── Collected data ──

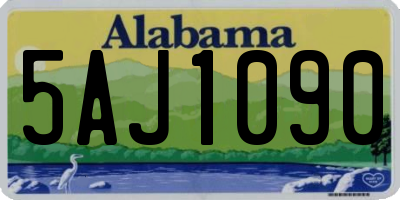 AL license plate 5AJ1090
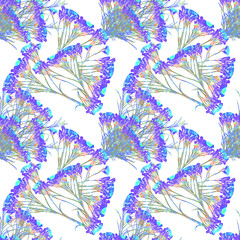 Curry plant abstract, seamless pattern.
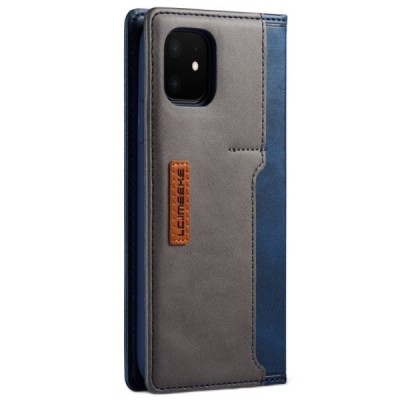 Apple iPhone 11 „Lc.Imeeke“ zils ādas atvērams maciņš | Vacins.lv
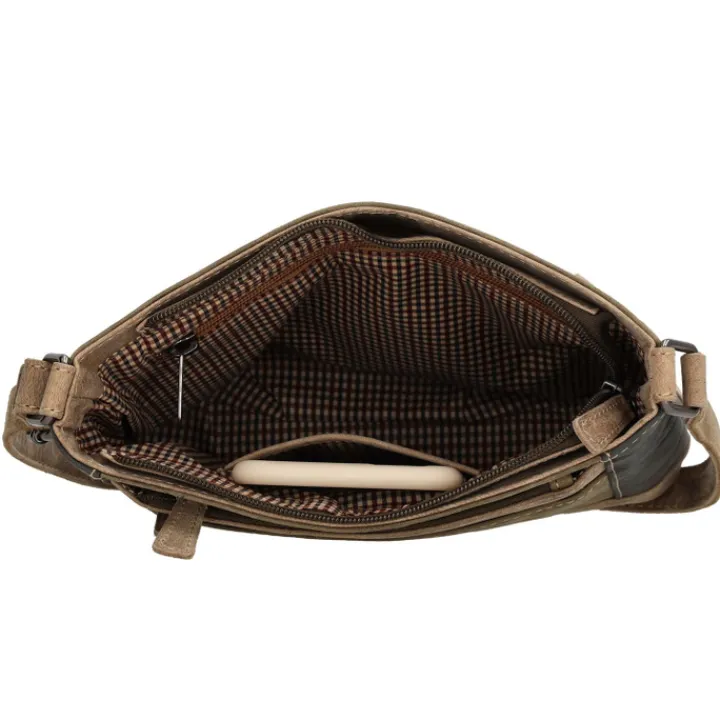 Schoudertassen|Crossbody>Hide & Stitches Himalaya Shoulderbag olivegreen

───

Task requirements
Without reproducing any picture, repeat exactly the lines from the one containing "Apple iPhone 11" through the last line of the material above, both ends included.

Output for this exercise
 Apple iPhone 11 „Lc.Imeeke“ zils ādas atvērams maciņš | Vacins.lv
 Schoudertassen|Crossbody>Hide & Stitches Himalaya Shoulderbag olivegreen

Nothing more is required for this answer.